[python-uk] Lightweight headless browsers (was Re: Dojo / workshop on "TDD Django with Selenium" - any interest?)
John J Lee
jjl at pobox.com
Fri Oct 21 02:55:47 CEST 2011
On Thu, 13 Oct 2011, Andy Robinson wrote:
> On 13 October 2011 17:26, Harry Percival <harry.percival at gmail.com> wrote:
>> Hi-ho python peeps,
>>
>> Would anyone be interested in a dojo / worksop on the topic of test-driven
>> Django development, with Selenium?
>>
>> So, trying to get an idea of numbers - would anyone be interested? London
>> area, venue suggestions also gratefully accepted...
>
>
> This could be highly relevant for us and of my clients. Possibly 5
> people from us if the timing is right.
Has anybody else experimented with PhantomJS yet? It's essentially
QtWebKit plus a thin wrapper. Though it does still need an X server
currently, that's easily met with xvfb-run. I've recently started using
it, and it seems well suited to both TDD and functional testing. I like
that when a test fails and I drop into PDB (leaving my web server test
fixture -- which is relatively slow to set up and tear down -- running in
a subprocess) I can run the entire browser set up, test execution and tear
down in under 1 second. I also like the fact that there's a very
convenient one-liner to dump a PDF "screenshot" of the rendered web page.
With selenium, though you can leave the browser running, I always found it
rather slow to develop tests and debug failing tests -- that hasn't beeen
the case with PhantomJS so far, though it's early days still. I should
note I am likely being unfair to selenium here because the tests I'm
writing are relatively small compared to the selenium tests I worked on
before. But not all that unfair, I think.
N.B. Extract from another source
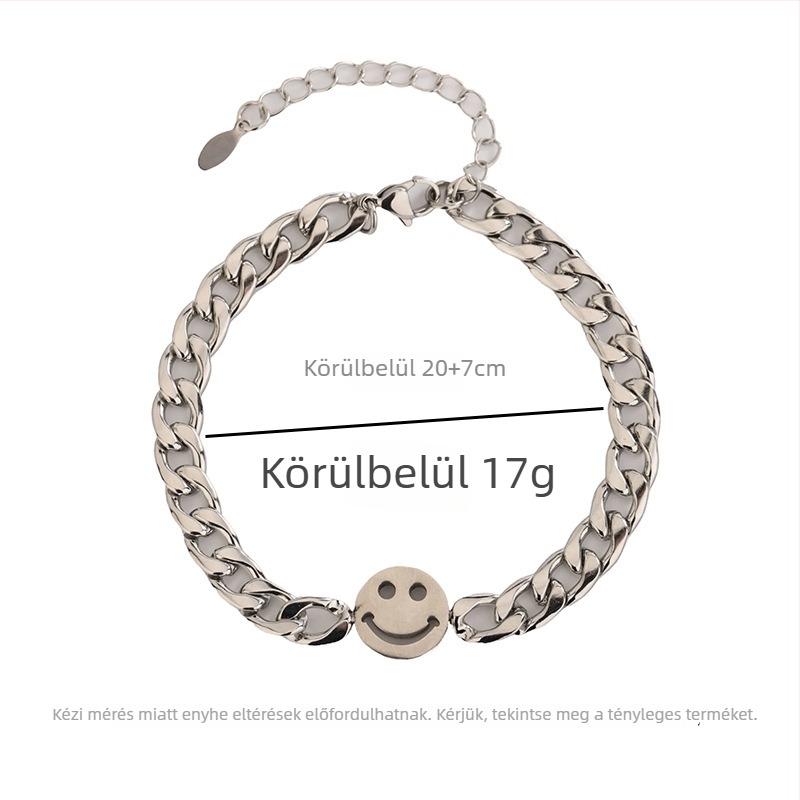 Uniszex titán‑acél mosolygós karkötő, minimalist dizájn, hip-hop stílus, tartós szín, prémium érzet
I guess I should also state
the obvious: selenium still has an important role because it supports
multiple web browsers.
I'd be interested to hear people's experience of zombie.js, envjs, and
HtmlUnit for testing -- in particular, whether you've had to make any
changes to your existing JavaScript code. Not having to do so is the most
obvious draw of PhantomJS over those tools, but perhaps I'm being hard on
them?
I've been waiting for this kind of thing for about seven years (even
started work on one myself back then), so it's great to see all these
lightweight headless browsers appear.
Anybody considered doing something like capybara in Python? It provides
implementations of a common API for most of these systems (including
PhantomJS, envjs and selenium I think).